* _Problem description_:
Restate the records below exactly. Pictures are not part of the copy.

Records to use Start Marker

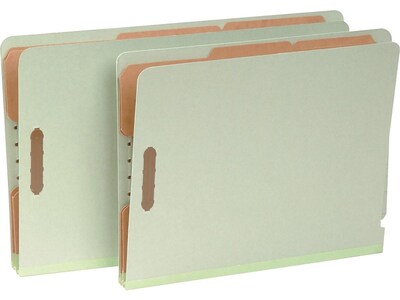 Pendaflex Pressboard End Tab Classification Folders, Letter Size, 6 Sections, Light Green, 10/Box (PFX 23224)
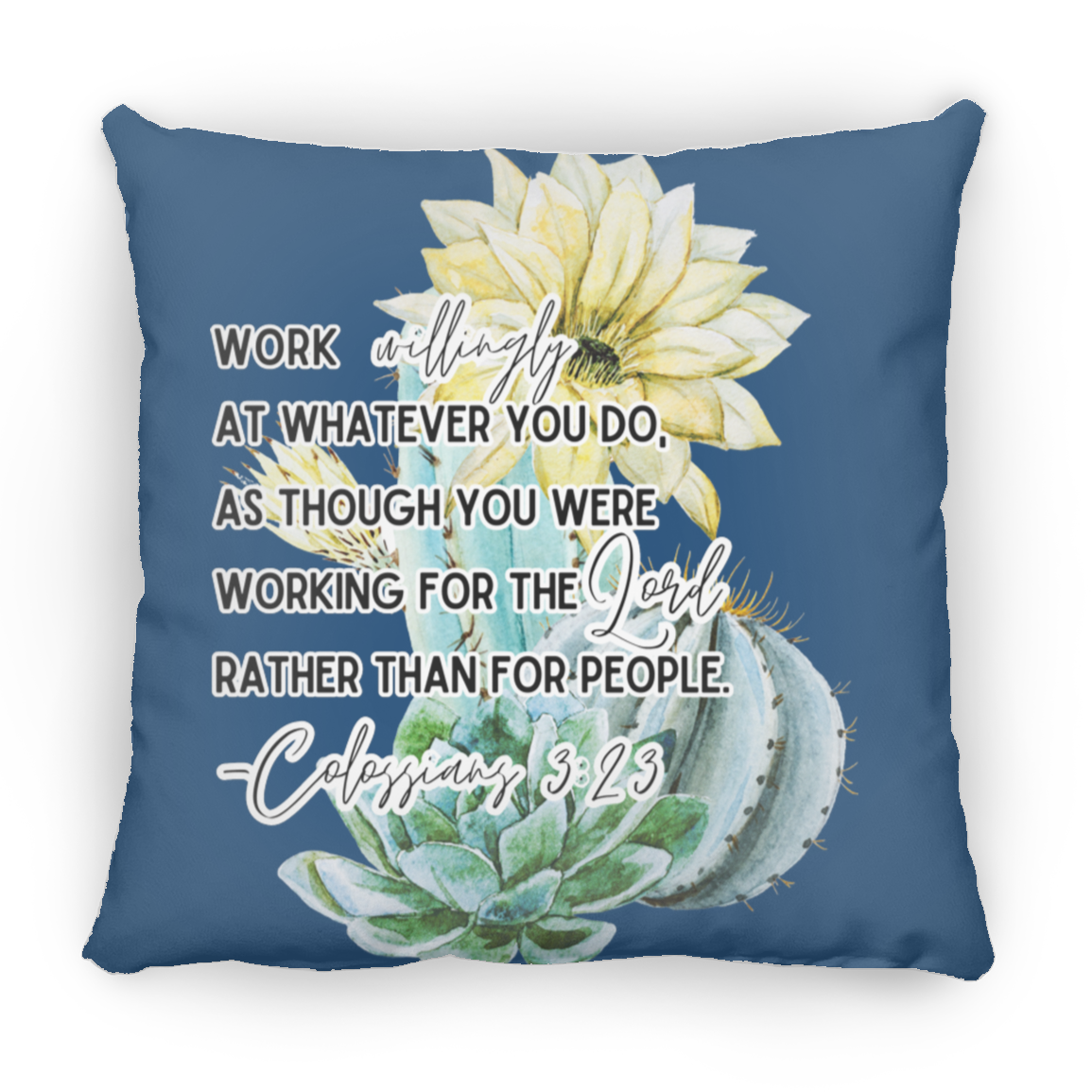 Colossians 3:23 yellow Large Square Pillow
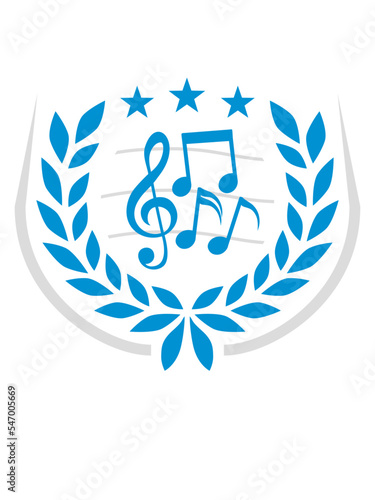 Musik Noten Notenschlüssel Lorbeerkranz 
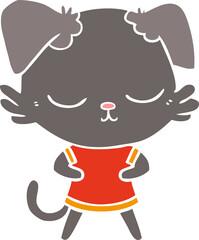 cute flat color style cartoon dog
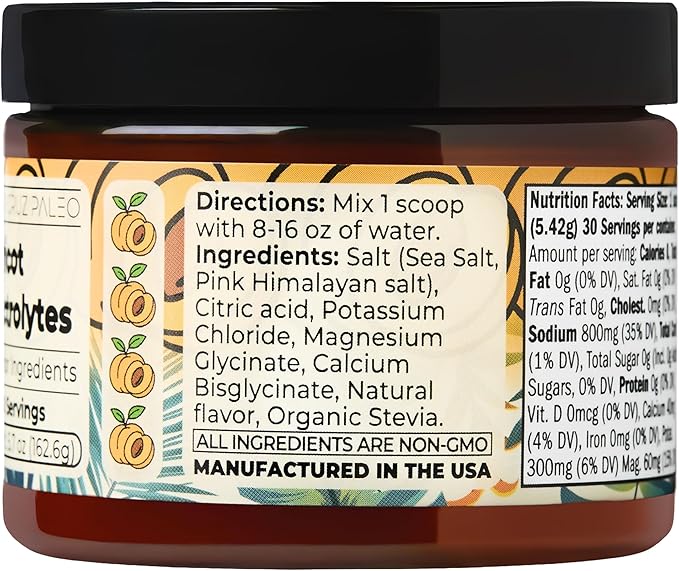 Santa Cruz Paleo Electrolyte Powder, Apricot Flavor, Sugar Free Hydration Drink Mix with Himalayan Pink Salt, Sea Salt, Magnesium Glycinate, Potassium Chloride, Sweetened with Stevia, 30 Servings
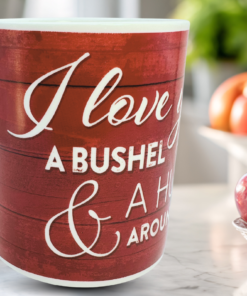 Bushel And Peck Love Mug cozy kitchen scene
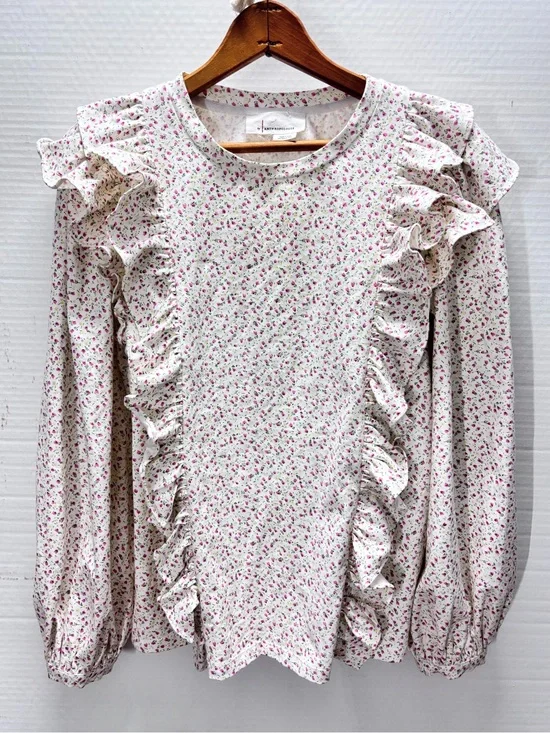 Anthropologie Blouse Dainty Pink Floral Print Ruffle Long Sleeve Blouse Large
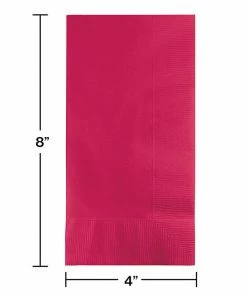 Creative Converting Solid Color Tableware Hot Magenta Dinner Napkins 2Ply 1/8Fld, 50 Ct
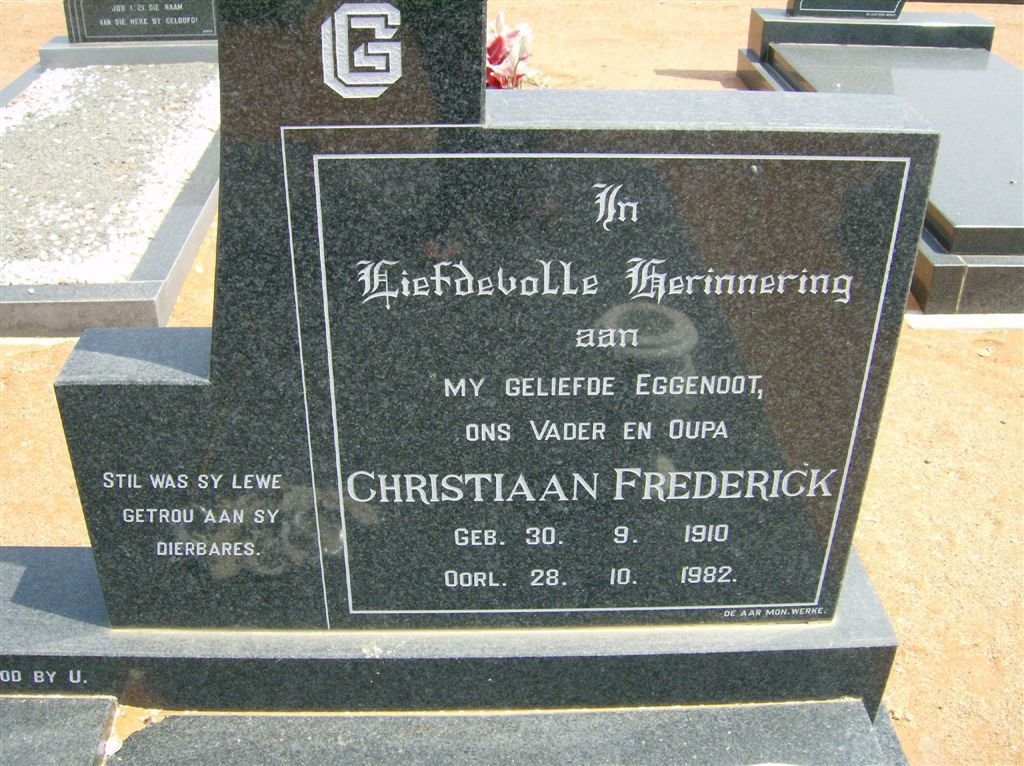 LIEBENBERG Christiaan Frederick 1910-1982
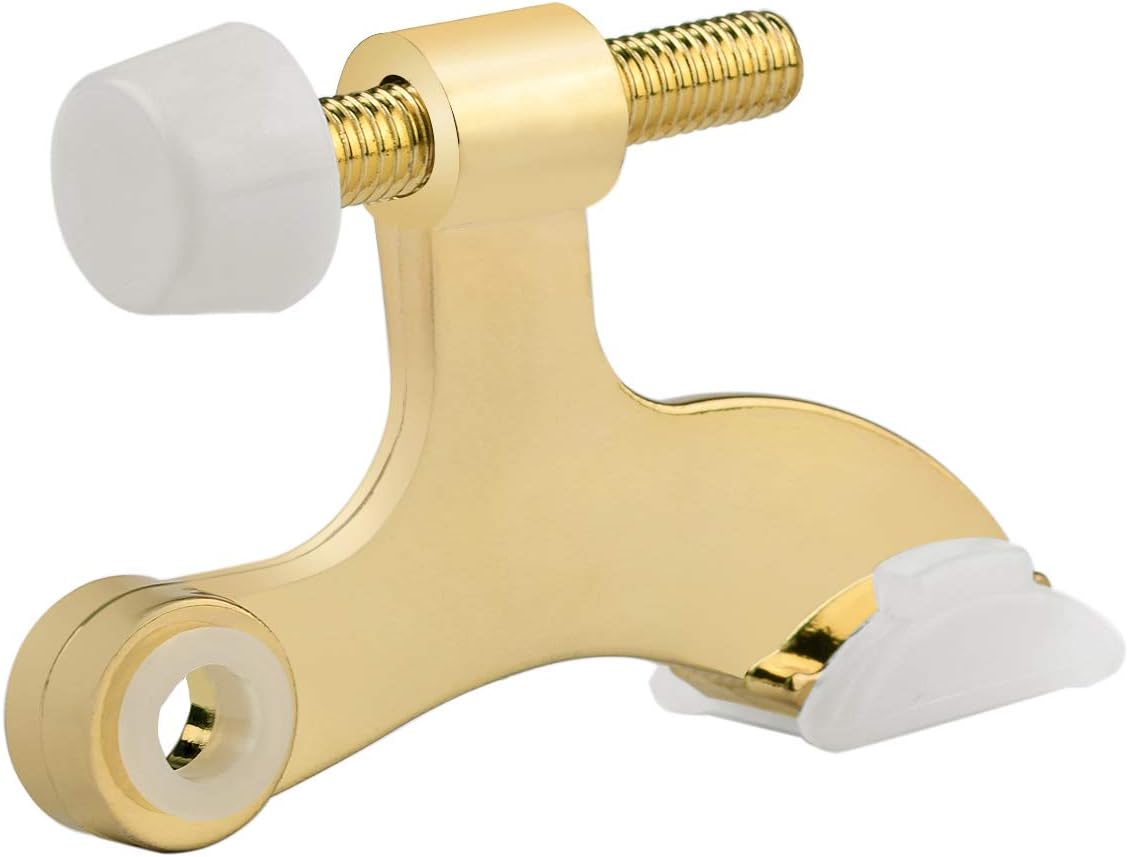 HOMOTEK 8 Pack Hinge Pin Bright Brass Door Stopper, Gold Door Stops, Adjustable Deluxe Heavy Duty Door Stopper 2-1/2"x1-3/4”,with White Rubber Bumper Tips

Records to use End Marker

* _Completed exercise_:
 Pendaflex Pressboard End Tab Classification Folders, Letter Size, 6 Sections, Light Green, 10/Box (PFX 23224)
 Colossians 3:23 yellow Large Square Pillow
 Musik Noten Notenschlüssel Lorbeerkranz 
 cute flat color style cartoon dog
 Santa Cruz Paleo Electrolyte Powder, Apricot Flavor, Sugar Free Hydration Drink Mix with Himalayan Pink Salt, Sea Salt, Magnesium Glycinate, Potassium Chloride, Sweetened with Stevia, 30 Servings
 Bushel And Peck Love Mug cozy kitchen scene
 Anthropologie Blouse Dainty Pink Floral Print Ruffle Long Sleeve Blouse Large
 Creative Converting Solid Color Tableware Hot Magenta Dinner Napkins 2Ply 1/8Fld, 50 Ct
 LIEBENBERG Christiaan Frederick 1910-1982
 HOMOTEK 8 Pack Hinge Pin Bright Brass Door Stopper, Gold Door Stops, Adjustable Deluxe Heavy Duty Door Stopper 2-1/2"x1-3/4”,with White Rubber Bumper Tips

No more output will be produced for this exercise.